On August 10, Earth had its closest encounter with an asteroid since the beginning of the year, when a space rock roughly the size of a bus came darting past us closer than the moon.
But the 15-meter (49-foot) asteroid wasn’t picked up by our telescopes until the very next day, CNET reported earlier this week. Detected by telescopes on Hawaii’s Mauna Loa, the asteroid has been dubbed 2018 PD20 and belongs to a group of near-Earth asteroids known as the Apollo asteroids, notes the Daily Star.
During its momentous close visit to our planet last Friday, the space rock came shooting past our planet at a distance of 20,636 miles (33,210 kilometers). That’s closer than the orbit of many of our communications satellites, detail the sources, and represents exactly 0.09 LD (lunar distance) and 0.00022 AU (astronomical unit) — where 1 AU is defined as the average distance between Earth and the sun, namely 93 million miles (150 million kilometers).

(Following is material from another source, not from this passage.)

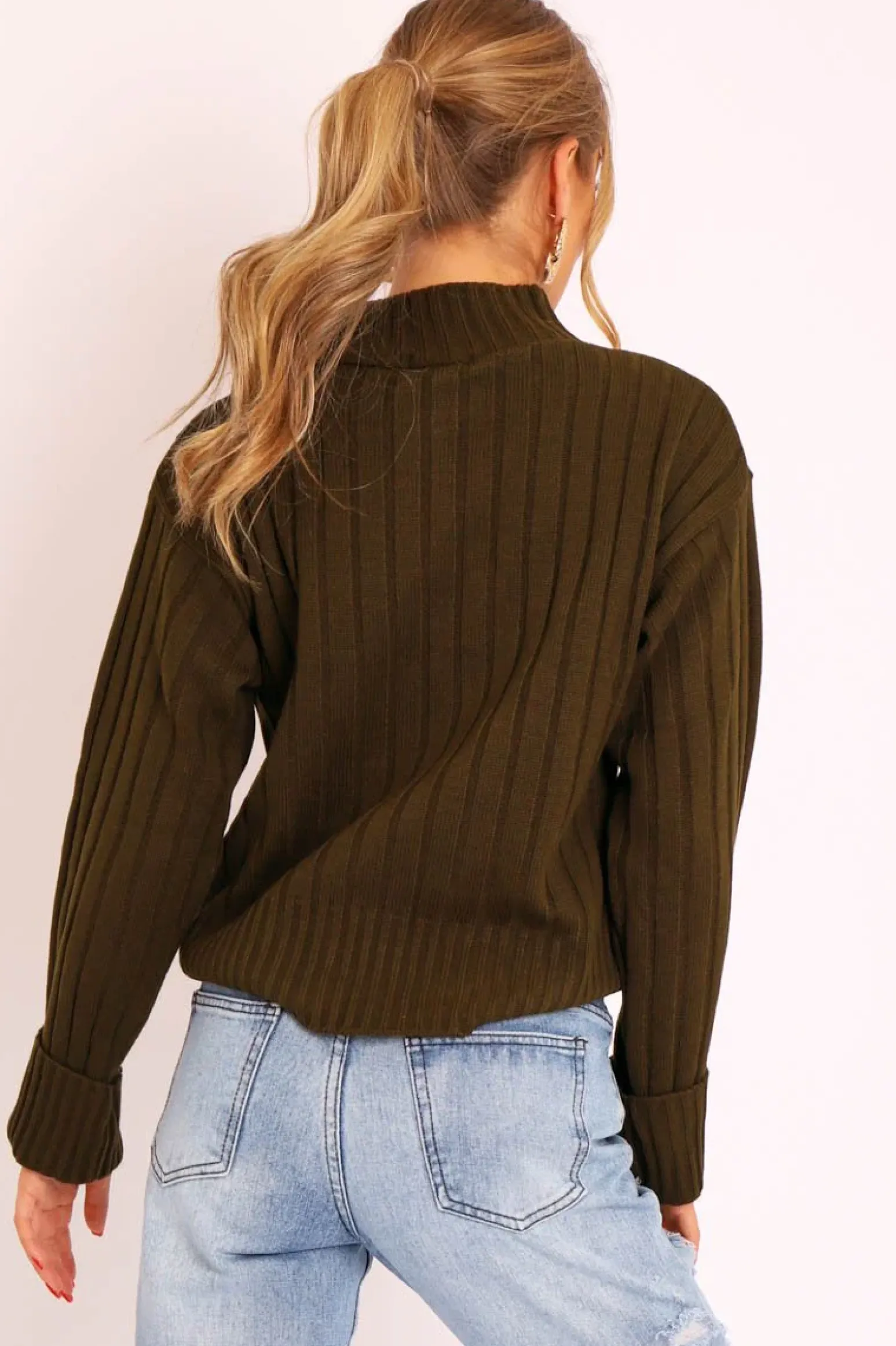 Rebellious Fashion Khaki Knit High Neck Jumper - Jaelynn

According to the Small-Body Database Browser of NASA’s Jet Propulsion Laboratory (JPL) in Pasadena, California, asteroid 2018 PD20 is currently at a distance of 0.034 AU from Earth and 1.047 AU from the sun. The space rock is now on its way out of the solar system.

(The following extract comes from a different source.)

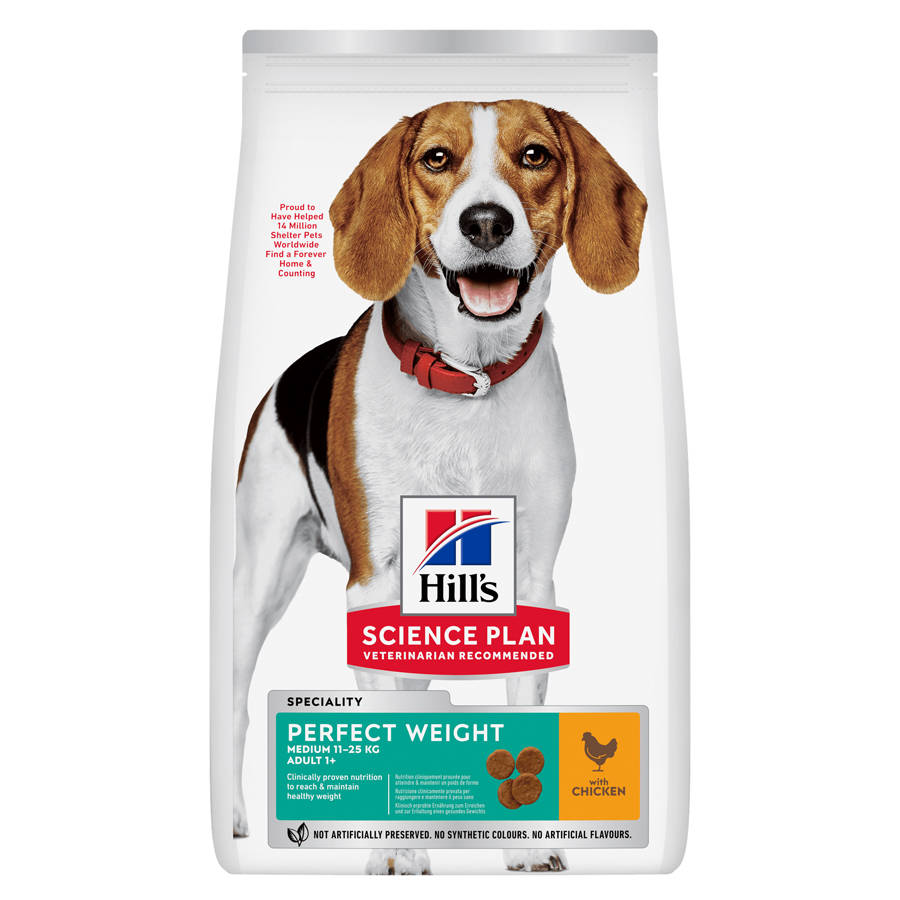 Hill's Science Plan Perfect Weight Medium Breed Adult Dry Dog Food Chicken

As amateur astronomer Tony Dunn pointed out, it’s no wonder that NASA missed the asteroid before its close flyby on Friday. The space rock was coming from the direction of the sun, which made it “undiscoverable prior to closest approach,” he tweeted on Monday.
Undiscoverable prior to closest approach because it came from the direction of the Sun, asteroid 2018 PD20 came within 29000 km of Earth's surface a couple of days ago. Here is a simulation of this. A geostationary satellite is included for reference. https://t.co/VOwFxoxcET pic.twitter.com/14cYk8SzdI— Tony Dunn (@tony873004) August 13, 2018
Dunn, who is a high school physics teacher, even made an orbit simulation for the asteroid’s close encounter with Earth, revealing that “2018 PD20’s trajectory was heavily bent by Earth’s gravity.”
The GIF posted by Dunn showcases the geosynchronous orbit around Earth (the purple circle), where many of our large satellites are currently floating in space. His simulation shows 2018 PD20 passing inside this orbit and then continuing its journey to exit the solar system, explains CNET.
At the same time, JPL’s Ron Baalke — the scientist who broke the news about the meteor explosion over Base Thule at the end of July, the Inquisitr recently reported — took to Twitter to share an illustration of the asteroid as it zoomed past the moon and toward Earth.
A newly discovered ~15-meter asteroid, 2018 PD20, made a really, really close flyby of Earth on August 10, 2018 at a distance of only 0.09 Lunar Distance, or 35,000 km. pic.twitter.com/y77lLmi3Hs— Rocket Ron ???? (@RonBaalke) August 13, 2018
Asteroid 2018 PD20 is the 39th space rock to pay us such a close visit and come within 1 LD in 2018. It’s also the asteroid with the closest flyby of the year, with 2018 BD coming in second at 0.00026 AU on January 18.
As the Inquisitr previously reported, six other asteroids skimmed by at a close distance from our planet in the last five months, with two coming in at half the lunar distance and one approaching at less than one-third of the distance between Earth and the moon.